The impact of insecticides on bees was very evident in a recent case, where over 25,000 bumble bees were found dead under the European linden trees in a parking lot of a shopping center in Wilsonville, Oregon. This was the largest mass-death of bumble bees reported in the region's history. The cause for such a massive die-off was not immediately known but conservationists say that it was the insecticides sprayed on the trees that killed the bees.

Every day, honeybee populations around the world battle with another threat - diesel exhaust. A recent study uncovered the impact of air pollutants emitted from diesel exhausts on the bees' sense of smell. The study claimed that diesel exhausts hamper the bee's foraging activity.

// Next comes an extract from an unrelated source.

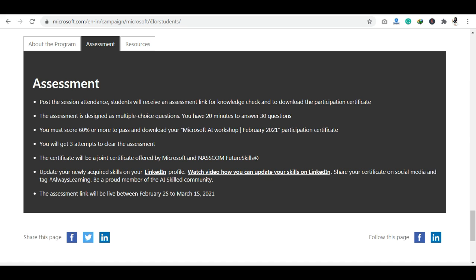One update is that you have to update your LinkedIn profile with your skills. You can also share the certificate on your social media handles using the tag #AlwaysLearning. The assessment link is available between February 25th and March 15th.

"Exposing bees to pesticides is a bit like adding more and more weight on someone's shoulders. A person can keep walking normally under a bit of weight, but when it gets too much - they collapse. Similarly, bee colonies can keep growing when bees aren't too stressed, but if stress levels get too high the colony will eventually fail," added Dr Bryden.

With this finding, the researchers offer strong evidence for the policymakers. They say that the way pesticides are tested and the way their impact on bees is assessed needs to be improved.